**Information supplied**

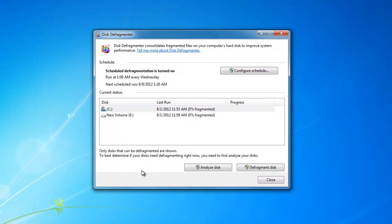There are two options to choose from. You can choose to analyze the disk, which will show you if a defragment is needed. Or you can choose Defragment the disk to start right now.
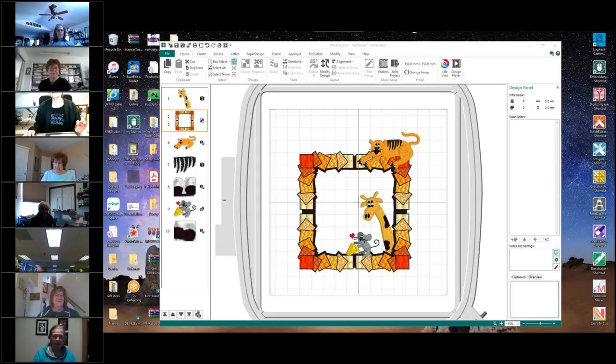This conference will now be recorded. I'm going to share my screen. Can you all see my screen now?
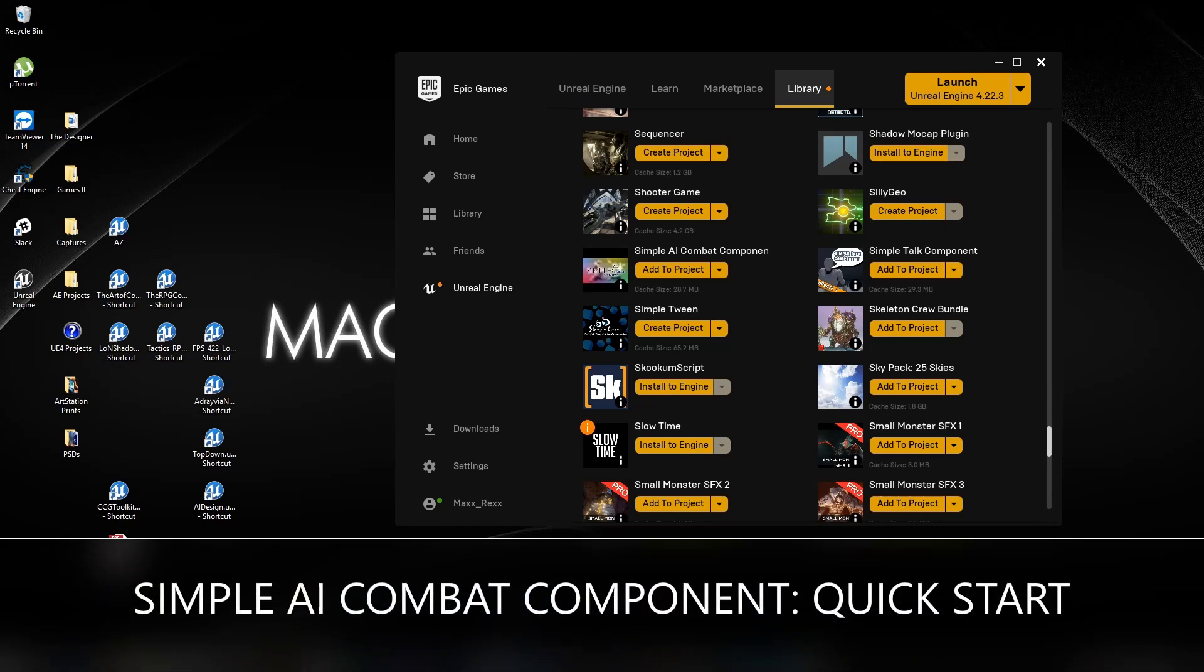Hello guys, welcome to another tutorial. Today we're going to be talking about the Simple AI Combat Component and how to set it up quickly and how to get everything working in a new map as quickly as possible.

**What you need to do**
Copy out the whole listing exactly. Skip its pictures.

**Task answer**
There are two options to choose from. You can choose to analyze the disk, which will show you if a defragment is needed. Or you can choose Defragment the disk to start right now.
This conference will now be recorded. I'm going to share my screen. Can you all see my screen now?
Hello guys, welcome to another tutorial. Today we're going to be talking about the Simple AI Combat Component and how to set it up quickly and how to get everything working in a new map as quickly as possible.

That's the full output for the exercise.